Notes for later
On care, memory, and unfinished sense making
I have not written much on Substack over these last months.
It’s not because I didn’t have ideas to develop and share. Rather, my attention was elsewhere, and it needed to be. There are times when writing helps me make sense of things. And times when sense making is more difficult.
In late 2025, it often feels like my work is simply to show up, do what is in front of us, and take notes for later.
I have been moving back and forth to Chicago to care for parents, while trying to uphold responsibilities at home in LA. I have spent long days and weeks in the house I grew up in, noticing what changed and what remained the same over the last 50+ years. I have learned how memories inhabit objects, new and old. Carefully stacked mail and randomly strewn Post-It notes. Canes, walkers and even a wheelchair.
There has been grief, but not only. There have also been logistics, laughter, frustration, muscle memory, weather shifts, and the strange way tears arrive when you least expect them. Sitting at a table. Driving a familiar road. Folding laundry the right way because it matters, even now.
I am not ready to make sense of all of this. And from listening to wisdom from others that walked similar paths, I recognize that sense making doesn’t need to be the immediate goal.
Resilience has been on my mind for the better part of a year. Not as a slogan or a virtue, but as a lived practice. How we recover. How long it takes. How we gauge our own resilience against perceived resilience in others. What pulls us back toward baseline and what keeps us stuck. How purpose, faith, and attention shape that process, often quietly and without ceremony.
Some of my next posts will be formal. Some will be observational. Much of it will feel unfinished. But it’s time to resume these reflections. The next month or two will be a bit of a departure from what I published earlier in the year, and I can’t commit to a schedule. Instead, I am making space for a short sequence of pieces that belong together, even if they are different in tone and form.

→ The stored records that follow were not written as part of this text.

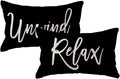 ULOVE LOVE YOURSELF Relax&Unwind Throw Pillow Covers 12x20 Farmhouse Spring Summer Decorative Lumbar Pillowcases Porch Patio Cushion Covers 2Pack for Bedroom Living Room Sofa Couch Home Decor (Black)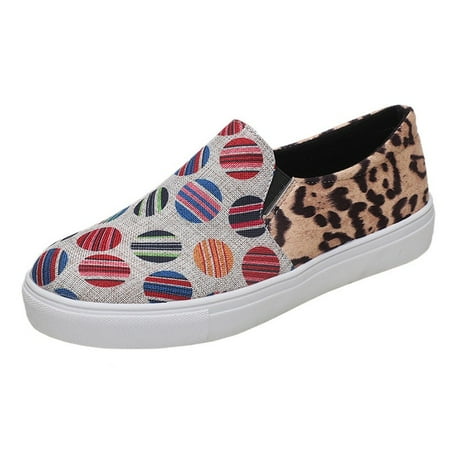 

Women‘s Printed Round Toe Flat Loafers Casual Comfortable Slip On Canvas Shoes Outdoor Walking Sneakers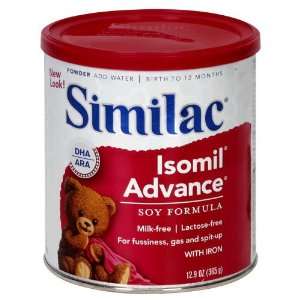 Similac Isomil Advance Soy Baby Formula Powder, 12.9 oz (Pack of 3 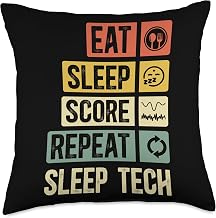 Eat Sleep Score Repeat Sleep Tech Sleep Technologist Throw Pillow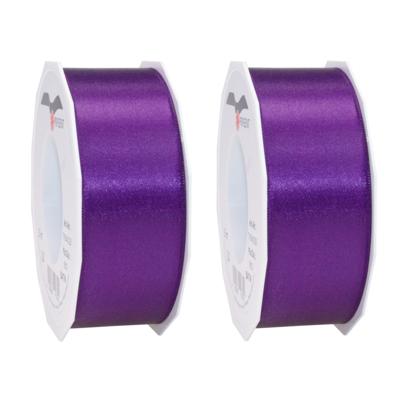Cadeaulint/sierlint Satijn - 2x - 4 cm x 25 meter - Paars - cadeaus inpakken - decoratie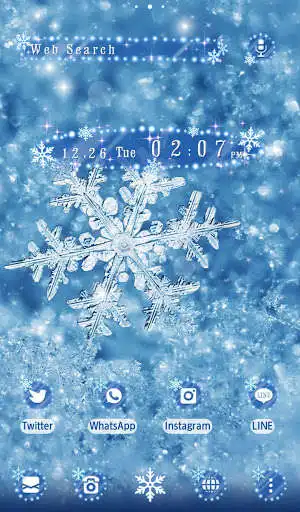 Play APK Winter Wallpaper Snowflakes Theme  and enjoy Winter Wallpaper Snowflakes Theme with UptoPlay jp.co.a_tm.android.plus_yukino_kesshou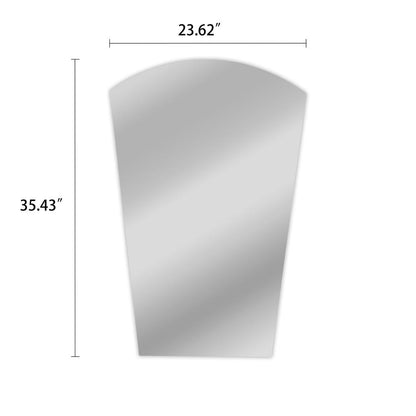 CHLOE's Reflection Verical/Horizontal Hanging Arched-Rectangle Shaped Frameless Wall Mirror 35" Height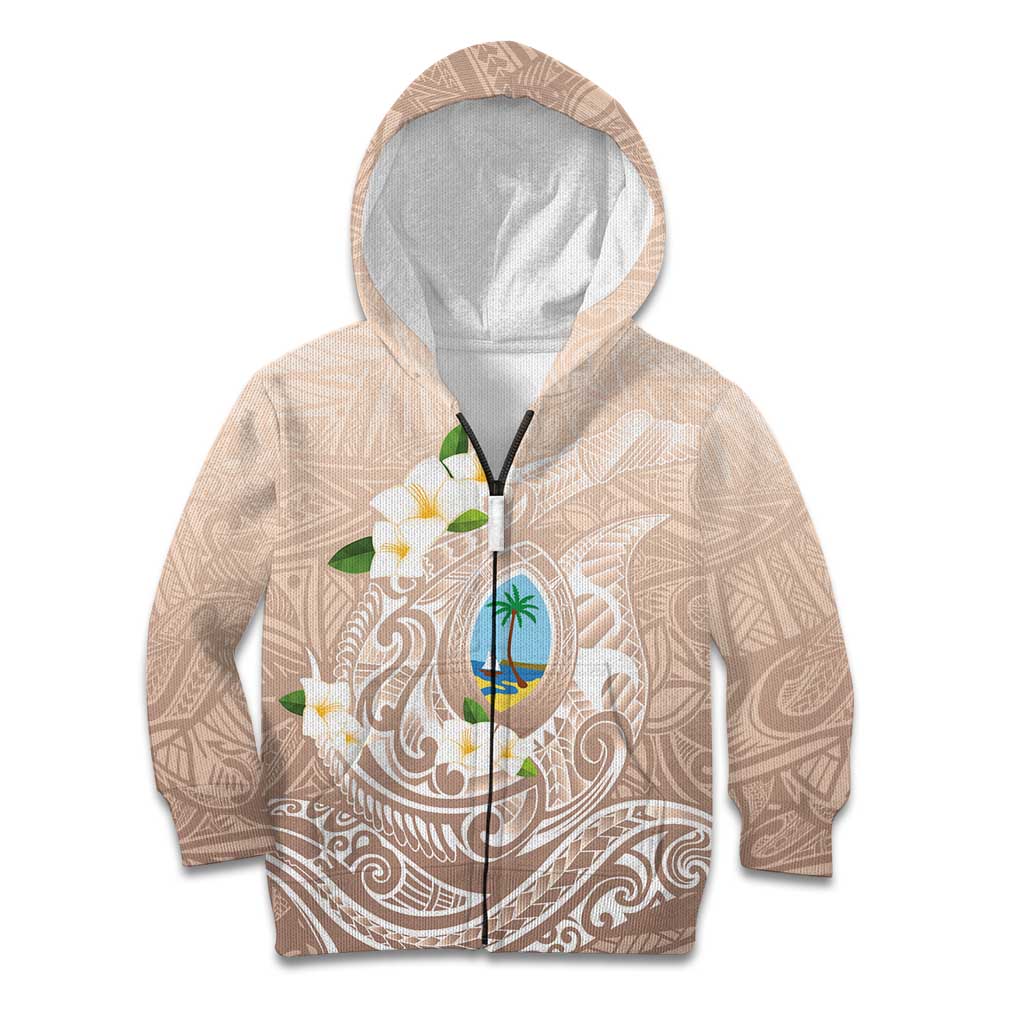 Guam Fishhook Mix Guasali Flowers Kid Hoodie Dreaming Hazel LT7 Zip Hoodie Beige - Polynesian Pride
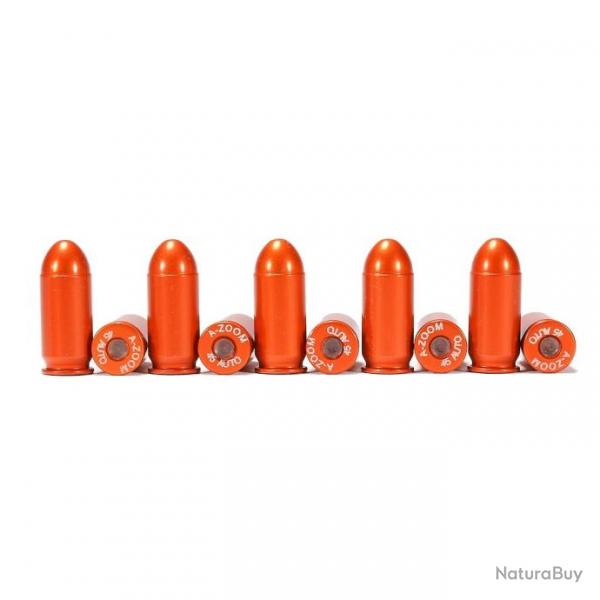 10 douilles amortisseur A-Zoom cal. 45 ACP en aluminium - Orange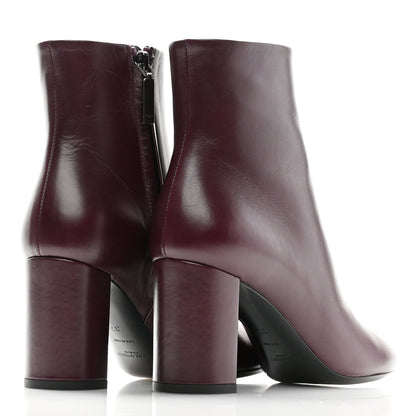Saint Laurent Nappa Lou 75 Ankle Zip Boot 37 Dark Violet 4 of 10
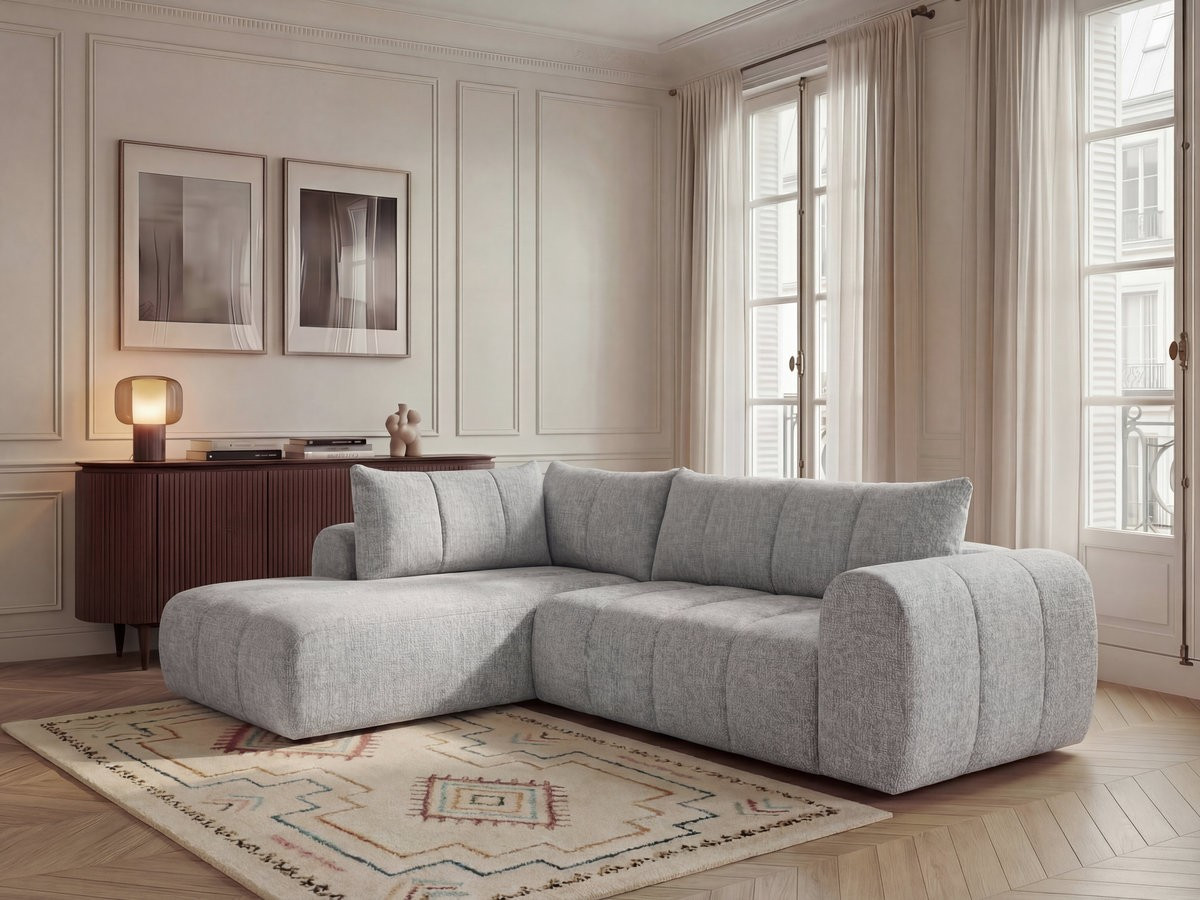 Canapé d'angle L fixe NESTY tissu chiné gris clair  angle gauche BOBOCHIC 3 places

An obituary will start these off. It stands on its own. It does not need commentary or interpretation. Others will come later, drawn from the week to week reality of care, loss, memory, and the ordinary work of continuing.

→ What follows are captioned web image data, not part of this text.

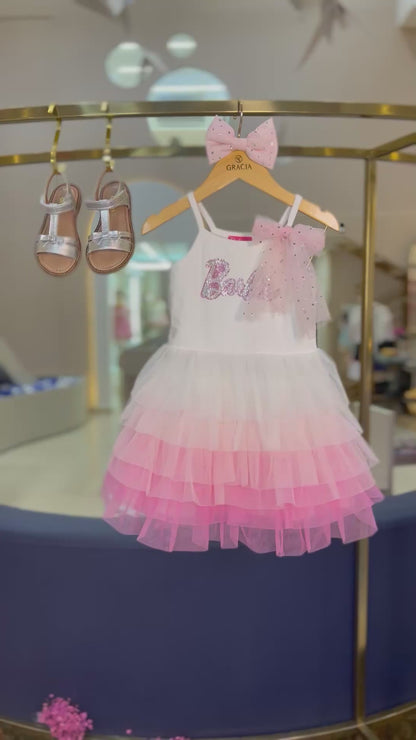 Vestido Festa Babados Tule - Barbie by Pituchinhus
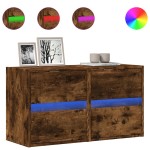 vidaXL Comodă TV de perete cu LED, 2 buc. stejar fumuriu, 41x31x45 cm vidaXL Comodă TV de perete cu LED, 2 buc. stejar fumuriu, 41x31x45 cm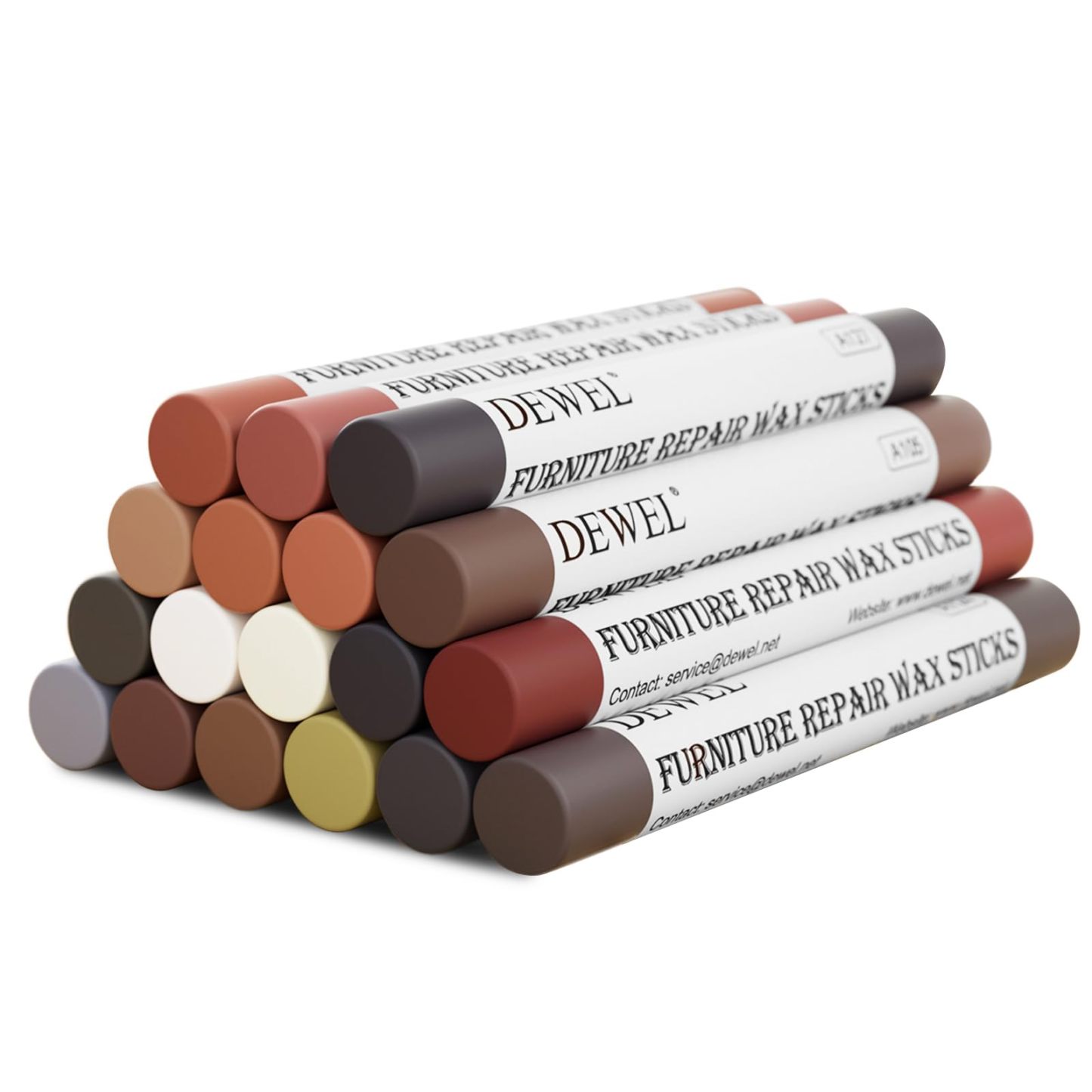 DEWEL フローリング 補修 傷 補修棒 ネジ穴 補修 家具補修クレヨン 傷消し 傷隠し 家具 床 机 補修 剥がれ補修 木製品キズ補修セット 木製家具補修 18色入り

If you are reading this, thank you for your patience and for staying close, even at a distance. If you are new here, welcome. You are arriving in the middle of something.
More soon.




So happy to see you back here. Sending love and light to you and your family.
I'm just meeting you but what you are going through resonates with me. Just went through a similar experience and still don't have emotions ironed out. Writing seems to help but I don't share most of it. Thinking of you and hoping for a peaceful holiday for you and your family.